Collibra just picked up data access startup Raito to boost its AI-driven data governance tools.
The Brussels-based governance platform announced the acquisition Thursday. Raito launched in 2021 and specializes in managing who can access internal data for employees and customers.
Financial details? Collibra declined to comment. Raito had raised $4 million from Dawn Capital, Crane Venture Partners, and Collibra itself.
Collibra CEO Felix Van de Maele told TechCrunch the data access headache is growing with AI and workflow automation ramping up.
“We heard from our customers and large organizations that managing data access at scale has become a really big problem,” Van de Maele said.
“That’s why the traditional approaches just don’t scale anymore. They’re too brittle. They’re manual workflows, [based on] static policies.”
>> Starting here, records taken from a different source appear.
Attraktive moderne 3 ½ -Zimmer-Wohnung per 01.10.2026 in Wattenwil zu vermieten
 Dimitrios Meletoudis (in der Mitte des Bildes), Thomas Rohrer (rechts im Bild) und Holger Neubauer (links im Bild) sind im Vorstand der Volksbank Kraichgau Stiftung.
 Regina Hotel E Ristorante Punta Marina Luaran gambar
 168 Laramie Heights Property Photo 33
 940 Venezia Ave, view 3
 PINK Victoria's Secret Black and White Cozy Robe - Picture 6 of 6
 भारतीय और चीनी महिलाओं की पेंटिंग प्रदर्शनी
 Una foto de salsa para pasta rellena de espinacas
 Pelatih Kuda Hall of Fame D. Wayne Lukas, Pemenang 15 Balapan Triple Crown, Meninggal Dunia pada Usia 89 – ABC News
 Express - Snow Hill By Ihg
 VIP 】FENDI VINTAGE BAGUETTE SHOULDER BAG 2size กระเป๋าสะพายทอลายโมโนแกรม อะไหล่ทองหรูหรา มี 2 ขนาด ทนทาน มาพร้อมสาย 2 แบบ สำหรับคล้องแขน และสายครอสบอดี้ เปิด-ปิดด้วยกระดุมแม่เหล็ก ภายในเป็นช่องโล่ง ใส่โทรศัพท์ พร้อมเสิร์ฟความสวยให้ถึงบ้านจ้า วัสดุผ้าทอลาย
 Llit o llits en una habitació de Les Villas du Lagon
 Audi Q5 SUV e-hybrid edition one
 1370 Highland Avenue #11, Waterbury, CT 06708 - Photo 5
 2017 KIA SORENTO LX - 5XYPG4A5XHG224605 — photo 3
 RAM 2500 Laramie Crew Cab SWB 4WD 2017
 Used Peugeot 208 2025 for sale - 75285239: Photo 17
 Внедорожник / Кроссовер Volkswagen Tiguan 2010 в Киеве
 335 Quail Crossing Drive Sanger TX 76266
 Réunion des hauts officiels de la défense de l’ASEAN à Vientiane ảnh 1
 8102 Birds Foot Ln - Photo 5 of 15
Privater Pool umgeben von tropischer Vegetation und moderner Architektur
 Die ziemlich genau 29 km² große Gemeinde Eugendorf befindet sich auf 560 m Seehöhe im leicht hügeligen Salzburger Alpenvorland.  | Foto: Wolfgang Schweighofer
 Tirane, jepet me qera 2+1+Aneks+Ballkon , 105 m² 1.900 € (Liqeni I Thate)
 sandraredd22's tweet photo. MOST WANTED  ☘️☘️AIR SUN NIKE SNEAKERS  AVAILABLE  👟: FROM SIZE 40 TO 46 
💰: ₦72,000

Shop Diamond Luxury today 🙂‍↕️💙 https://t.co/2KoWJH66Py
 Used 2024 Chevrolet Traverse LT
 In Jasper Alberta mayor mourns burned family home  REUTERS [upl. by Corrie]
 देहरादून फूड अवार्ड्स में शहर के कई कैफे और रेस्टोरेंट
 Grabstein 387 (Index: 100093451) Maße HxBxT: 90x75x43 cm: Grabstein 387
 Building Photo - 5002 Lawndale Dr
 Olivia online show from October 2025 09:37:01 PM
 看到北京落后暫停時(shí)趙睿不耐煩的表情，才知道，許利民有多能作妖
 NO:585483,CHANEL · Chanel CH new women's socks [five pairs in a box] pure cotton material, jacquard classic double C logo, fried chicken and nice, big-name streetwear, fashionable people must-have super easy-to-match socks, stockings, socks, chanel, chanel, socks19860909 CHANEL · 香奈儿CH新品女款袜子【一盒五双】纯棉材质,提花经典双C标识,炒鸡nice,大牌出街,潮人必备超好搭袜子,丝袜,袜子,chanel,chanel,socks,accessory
Collibra already offers similar capabilities via Collibra Protect, mainly focused on data privacy. Raito’s tech will ramp up automation and access controls.
Other players like SailPoint and SecureAuth operate here, but Van de Maele favored acquiring Raito for its cloud-native AI-ready platform.
“We also [were] looking for teams that want to continue to build, right? It’s not the end for this,” Van de Maele said.
“It is just really the beginning of this journey.”
This move fits a broader trend. Salesforce aims to buy Informatica. Alation and ServiceNow made deals this month too. AI growth is pushing companies to consolidate fragmented data governance tools.
“That fragmentation of governance . . .has really become a big problem, and so that’s why we were excited to kind of acquire Raito and really make it part of Collibra, our unified governance platform for data and AI,” Van de Maele added.
Founded in 2008, Collibra has raised nearly $600 million from heavy hitters like Index Ventures, Sequoia, and Tiger Global. Its clients include Heineken, Credit Suisse, and SAP.